Kansas violinist bridges gap between rock, classical
David Ragsdale loves doing orchestra shows with his band, Kansas. And not just because he's the band's violin player -- he's the violin player.
"Look how much cooler my violin looks than the others," he joked during a phone interview with The Beat. To say nothing of being the one who's able to plug the electric violin into an amplifier and crank up the volume.
But Ragsdale won't flaunt it to any of the players in the orchestras, as he was once among them, having spent four years as a violinist with the Tulsa Philharmonic.
"I'm bilingual," he said -- meaning he speaks the musical language of both rock 'n' roll and classical musicians.
Ragsdale said playing with a symphony orchestra is a special thing.
"There aren't that many things that give us goosebumps anymore, but it happens when you're playing with a full orchestra."
Beyond the music featuring the violin, Kansas songs make for a natural partnership with orchestras.
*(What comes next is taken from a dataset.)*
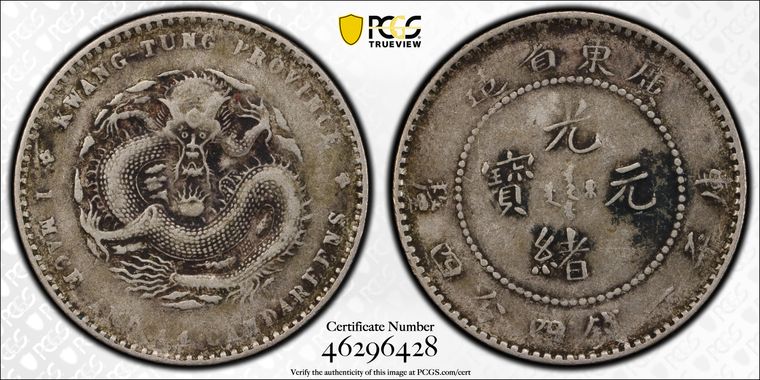 Cert 46296428 - Coin Image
"You look at the construction of the songs, not just because there are violin parts but all the parts and the layers, they're classically influenced. In these arrangements (by conductor and music director Larry Baird), there's really something for the orchestra to play."
Being "bilingual," being persistent and there not being anyone playing violin parts at a certain point in Kansas' 40-year history got Ragsdale his job with the band.
"In the mid-80s, the band had broken up and was getting back together with guitarist Steve Morse, who'd been in the Dixie Dregs. And they were a band that featured a violinist, like Kansas had been. But their record, Power, didn't have a violinist. So you had these two violin bands getting together but with no violin."
Ragsdale said a friend convinced him to record himself playing along with the songs and send them to the band.
"I could hear parts for the violin that weren't there, so I recorded them and sent them along. I petitioned pretty heavily for the band, and four years later, they hired me."
During his two stints with Kansas -- from 1991-97 and 2006-present -- Ragsdale has played both violin and guitar, an instrument he picked up in his teens before he discovered he could be a violin player and still play in a rock band. The experience contributed to his being able to speak both musical languages, and also provide added benefit to the band.
In this, the band's 40th anniversary year, Kansas is particularly busy. Later this summer, the band will play a special concert featuring three founding members no longer with the band: Kerry Livgren, Dave Hope and Robby Steinhardt. The concert will be half with a full orchestra, half a band-only set.
"We've been around long enough that fans are bringing back their kids, and in some cases fans who were bringing their kids back then are coming with their grandchildren, so we're getting three generations. It's pretty cool.
"That's what can happen when the music is that good."